Problem to solve: Using the records below, write out only the lines from the line containing "I'm also gonna" up to and including the line containing "There we go", exactly, with no pictures.
START Extracted information
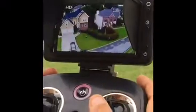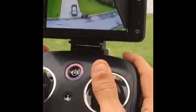Look at the screen — pretty cool. There we are. It reacts amazing.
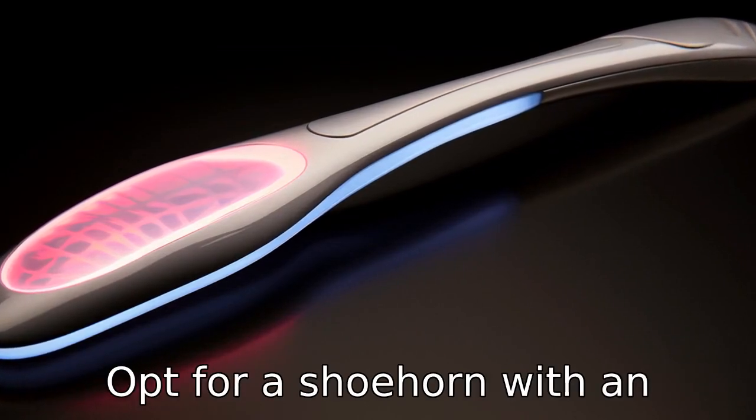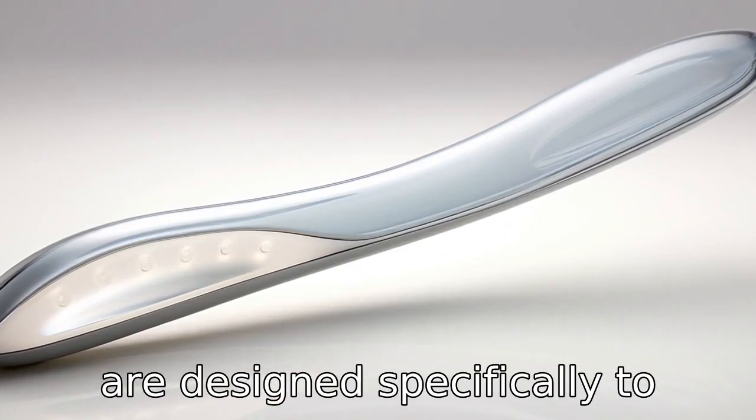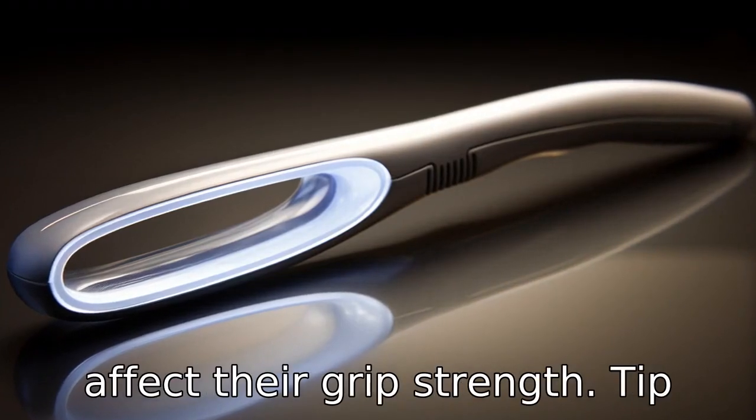Tip 2. Opt for a shoehorn with an ergonomic design. Some shoehorns are designed specifically to comfortably fit in the user's hand, which can be very helpful for seniors who may have arthritis or other issues that affect their grip strength.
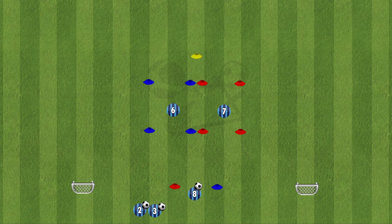For the setup of the drill, we have number 8 at the bottom of the screen in between a red and a blue cone. This player is holding the ball ready to throw it. Then we have number 6 inside a blue square, number 7 inside a red square, and then a yellow cone at the top of the squares, and then one goal on the blue side and one goal on the red side.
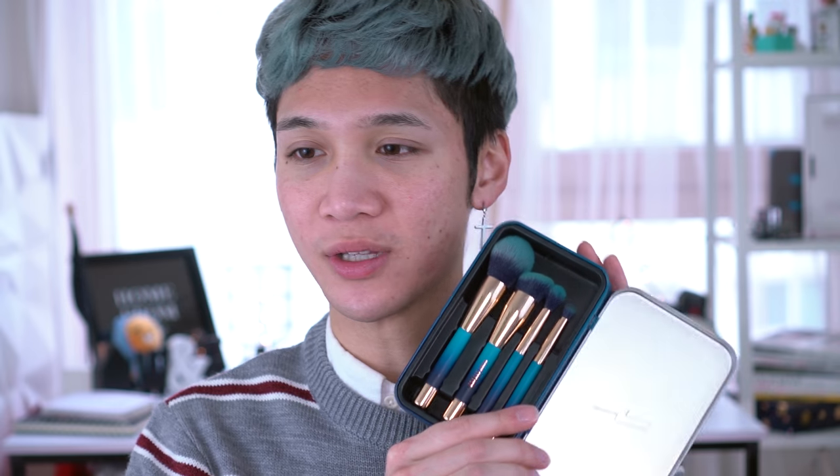I'm also gonna be showing you the new Pony effect. I don't know why she came out with another travel brush set, but anyway — this is another mini travel brush set, but it's magnetic, it's in a tin, etc. The color is absolutely beautiful. We're gonna be making the whole look using that and a few of these products.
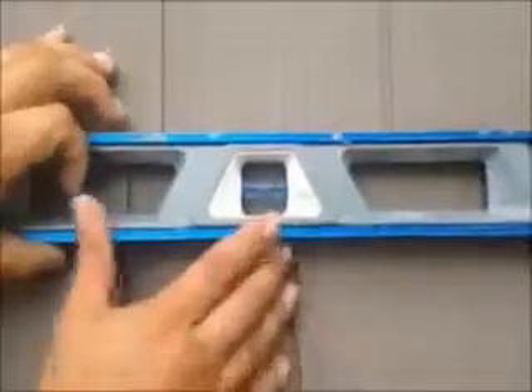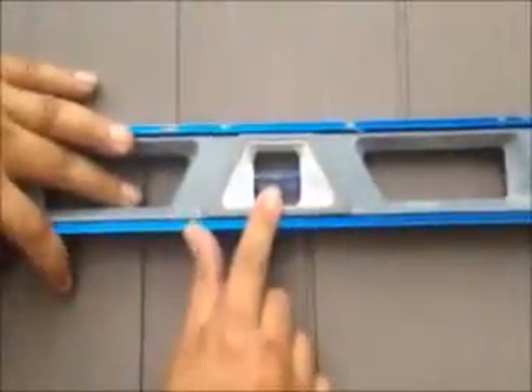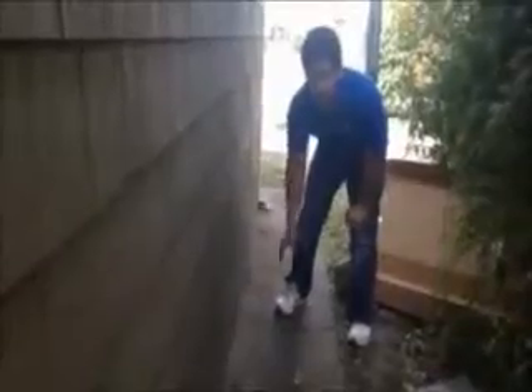We just installed vinyl cedar shake siding on this house. We're on the front now, and as you can see, it was a tear off. That's what you want — that's what you want with every course once it's installed. Make the original channel starter strip straight.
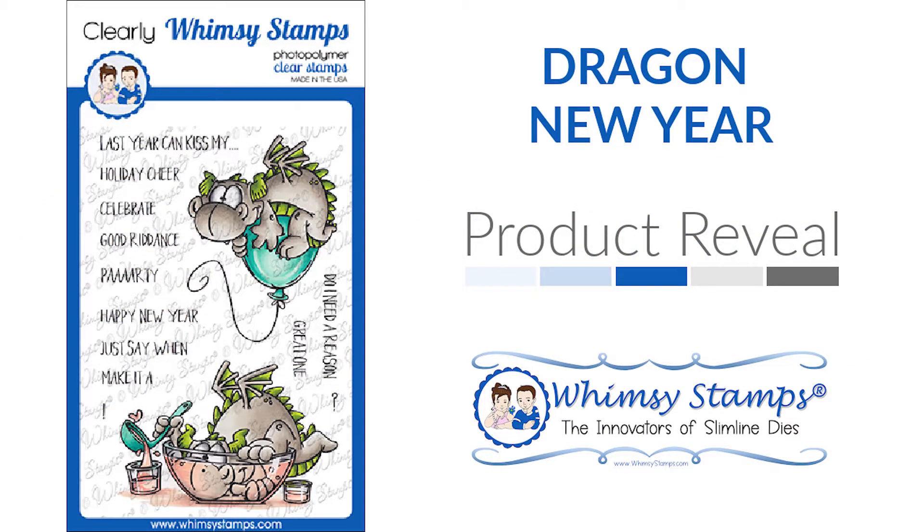Hi and welcome. Lisa here bringing you another product reveal with the Dragon New Year 4x6 stamp set.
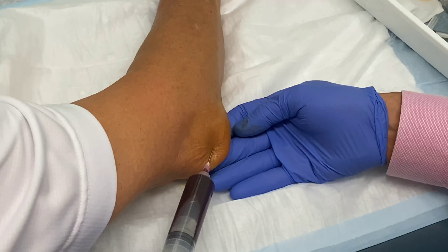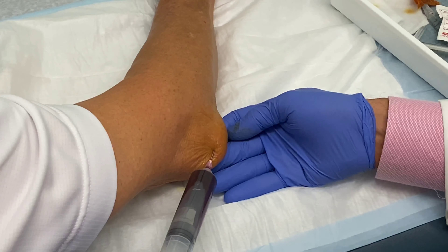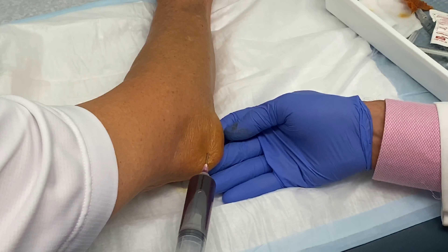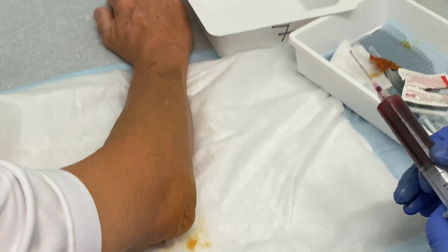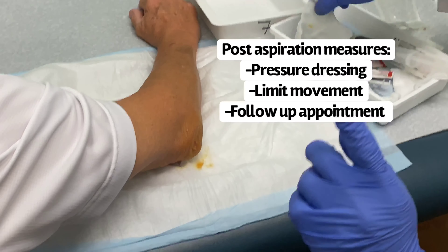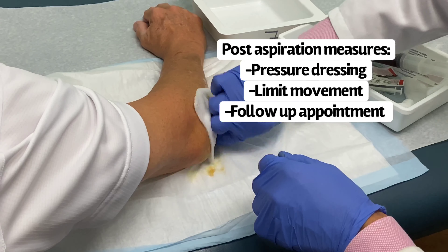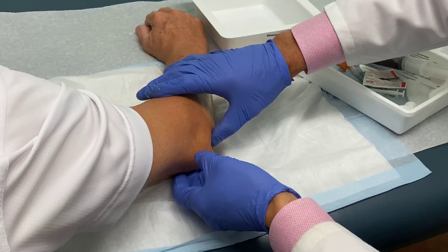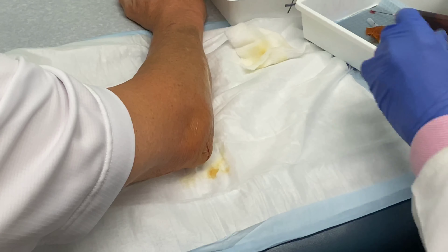There we go — bloody traumatic olecranon bursitis. I'll put a little pressure dressing on it. The important points here: get an x-ray first — this particular case did have a tiny little bone chip. So get an x-ray, make sure everything's okay, and then aspirate if you need to. Thank you very much.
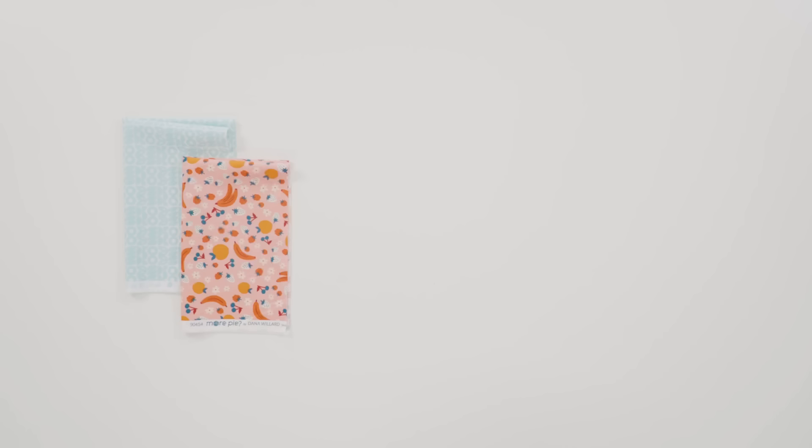Everyone could use an oven mitt or two. This is such a fun project to make — I love that it's fast, takes a little bit of fabric, and they make great gifts. Here's what you need: two fat quarters of fabric, heat resistant fabric, and bias tape.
END Extracted information
The answer:
I'm also gonna be showing you the new Pony effect. I don't know why she came out with another travel brush set, but anyway — this is another mini travel brush set, but it's magnetic, it's in a tin, etc. The color is absolutely beautiful. We're gonna be making the whole look using that and a few of these products.
We just installed vinyl cedar shake siding on this house. We're on the front now, and as you can see, it was a tear off. That's what you want — that's what you want with every course once it's installed. Make the original channel starter strip straight.
Hi and welcome. Lisa here bringing you another product reveal with the Dragon New Year 4x6 stamp set.
There we go — bloody traumatic olecranon bursitis. I'll put a little pressure dressing on it. The important points here: get an x-ray first — this particular case did have a tiny little bone chip. So get an x-ray, make sure everything's okay, and then aspirate if you need to. Thank you very much.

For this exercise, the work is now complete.